Large Language Models (LLMs): How N-Best List Prompts Can Improve Speech Intent Classification
Large language models (LLMs) are powerful tools for natural language processing (NLP) tasks. However, when it comes to spoken language understanding (SLU) tasks, they can struggle. In this article, we explore how using n-best list prompts can help improve speech intent classification with LLMs.
### The Challenge of Spoken Language Understanding
When it comes to understanding speech, LLMs need to rely on speech-to-text conversion from an off-the-shelf automation speech recognition (ASR) system. The accuracy of the LLM on SLU tasks is constrained by the accuracy of the ASR system on the speech input. High word-error-rate (WER) can mean that the LLM doesn’t have the correct information to understand the spoken intent.
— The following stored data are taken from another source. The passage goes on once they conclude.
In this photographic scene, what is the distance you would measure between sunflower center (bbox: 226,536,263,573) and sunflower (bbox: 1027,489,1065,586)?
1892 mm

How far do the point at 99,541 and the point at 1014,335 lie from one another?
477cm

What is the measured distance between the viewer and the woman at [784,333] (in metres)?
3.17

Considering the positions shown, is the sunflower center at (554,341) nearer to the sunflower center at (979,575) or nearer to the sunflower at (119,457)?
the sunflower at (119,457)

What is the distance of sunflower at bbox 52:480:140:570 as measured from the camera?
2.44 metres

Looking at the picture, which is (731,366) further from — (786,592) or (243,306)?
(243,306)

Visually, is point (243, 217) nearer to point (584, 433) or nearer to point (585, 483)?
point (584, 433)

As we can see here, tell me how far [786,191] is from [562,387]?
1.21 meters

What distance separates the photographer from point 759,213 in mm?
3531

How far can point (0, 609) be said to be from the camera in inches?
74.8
### Using N-Best List Prompts to Improve Speech Intent Classification
To address this problem, the authors propose using n-best list prompts to prompt the LLM. They explore using descriptive prompts to explain the concept of n-best lists to the LLM, and then finetuning LoRA adapters on the intent classification task.
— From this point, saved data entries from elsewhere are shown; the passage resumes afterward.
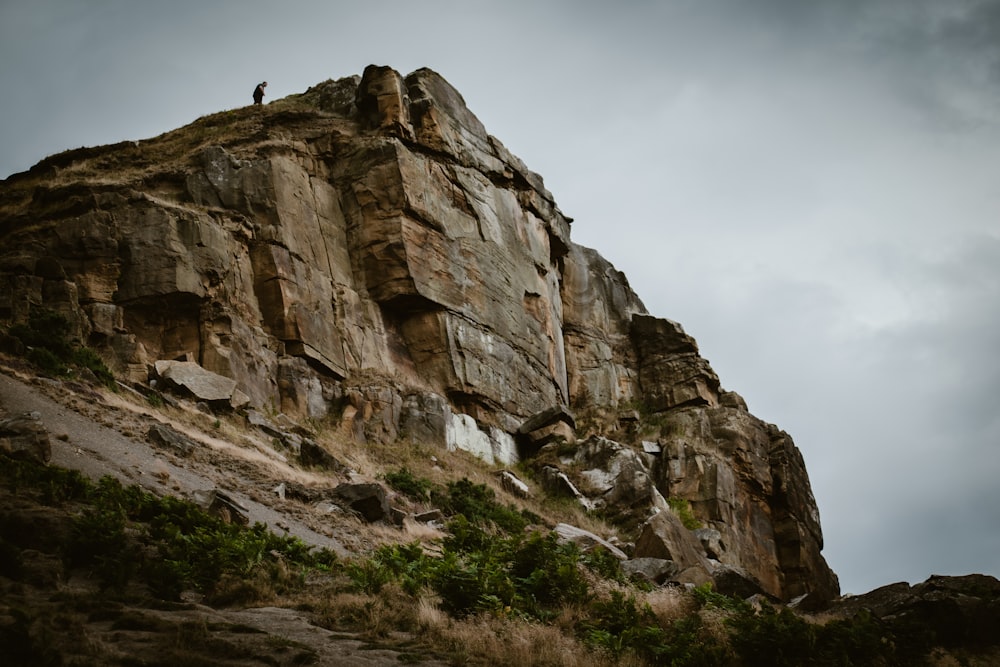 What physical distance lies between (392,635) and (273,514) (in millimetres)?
7183

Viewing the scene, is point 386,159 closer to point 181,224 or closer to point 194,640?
point 181,224

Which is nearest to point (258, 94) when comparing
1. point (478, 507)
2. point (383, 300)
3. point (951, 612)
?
point (383, 300)

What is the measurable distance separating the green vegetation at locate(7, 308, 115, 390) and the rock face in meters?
0.85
### The Efficacy of N-Best List Prompts
The authors demonstrate the effectiveness of their approach on a binary device-directed speech detection task and a keyword spotting task on the Google speech commands dataset. Their findings show that systems using n-best list prompts outperform those using 1-best ASR outputs, paving the way for a more efficient method to exploit ASR uncertainty with LLMs for speech-based applications.